Sınır ticaretinin doğrudan en fazla etkilediği pazarın akaryakıt dağıtımı pazarı olduğu açıktır. OFM’ye göre dağıtım şirketleri resmi pompa satış fiyatı üzerinden % 5 civarında bir kar payına sahipken, sınır ticareti yoluyla giren motorinin perakende satış fiyatının, resmi satış fiyatının yaklaşık % 20 altında oluşu dikkat çekicidir. Bu durum, yasal düzen içinde çalışan dağıtım firmalarını çalışamaz ve yatırımlarının karşılıklarını alamaz bir hale getirmiştir [12]. Sınır ticaretinin olumsuz etkileri bayilere kadar uzanmıştır. Akaryakıt bayileri, sınır ticaretinden kaynaklanan haksız rekabet şartları altında kaçak ürünlere yönelmek zorunda kalmışlar ve kayıt dışına itilmişlerdir.

Sınır ticareti sadece pazarda faaliyet gösteren teşebbüslerin değil tüketicilerin üzerinde de olumsuz etkiler yaratmıştır.
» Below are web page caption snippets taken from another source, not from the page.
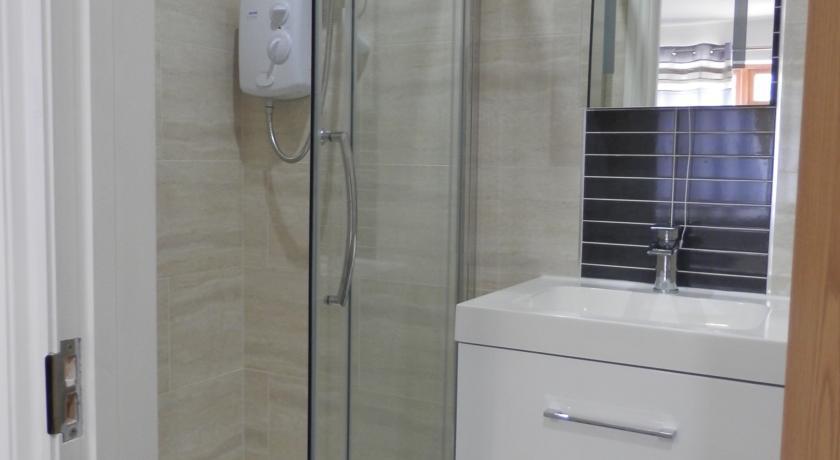 Heathrow Travellers Hub Bed & Breakfast Hounslow Ngoại thất bức ảnh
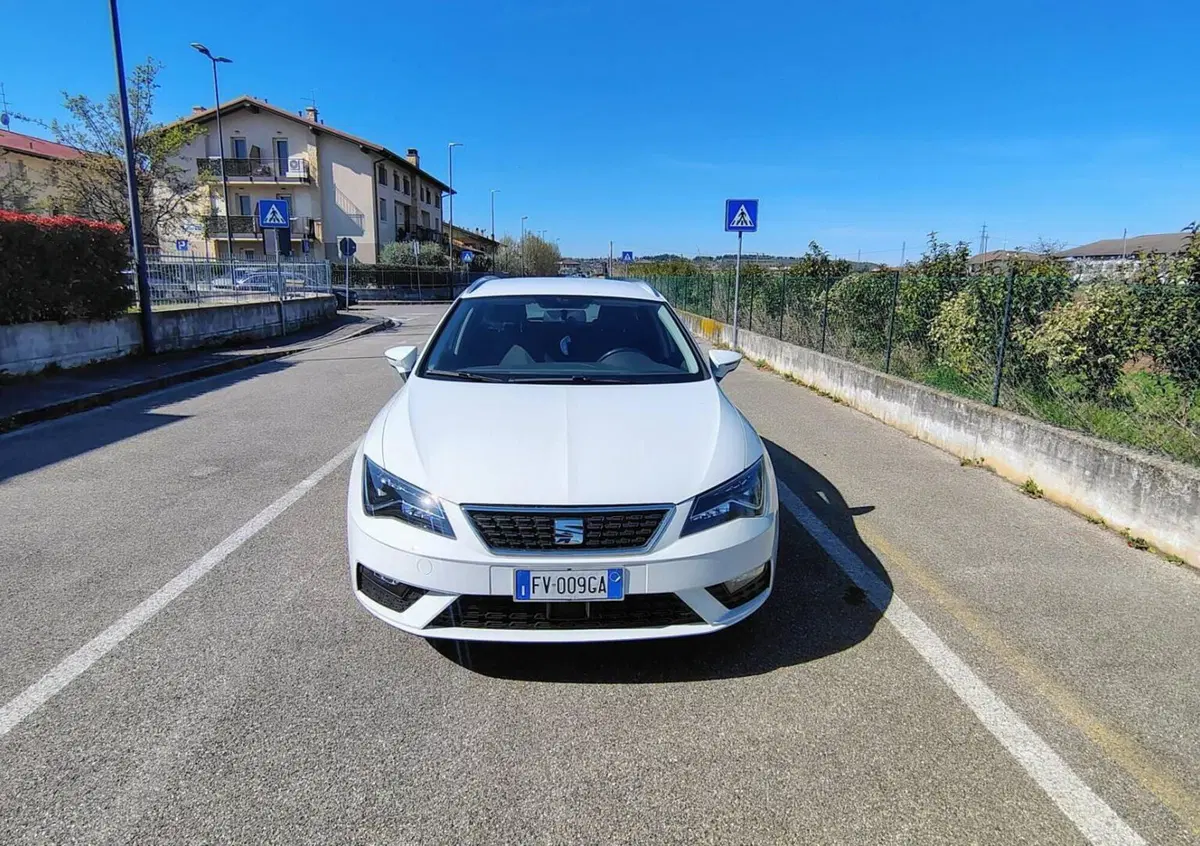 SEAT Leon ST 1.6 TDI 115 CV DSG Business (9)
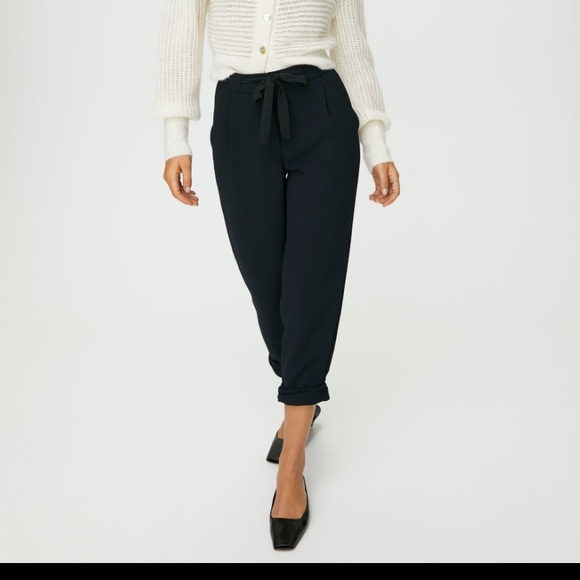 Wilfred Allant Mid Rise Pant in Black - Picture 2 of 7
TSE standartlarına aykırı olan ürünler istasyonlara kaçak girerek, dağıtım şirketlerinin kendi amblemleri altında çalışan istasyonlarda kalite garantisi vermesini imkansız hale getirmiştir. Bu durum da, tüketicinin ödediği bedelin karşılığı hakkı olan kaliteli ürünü alamamasına ve dolayısıyla tüketici haklarının ihlaline yol açmıştır.

Sınır ticaretinin ülke ekonomisine getirdiği en büyük olumsuzluklardan biri de vergi kayıpları olmuştur. Bu dönemde, OFM uyarınca hesaplanan vergi kayıplarının ‘milyar $’ şeklindeki miktarlarla ifade edildiği görülmektedir [11].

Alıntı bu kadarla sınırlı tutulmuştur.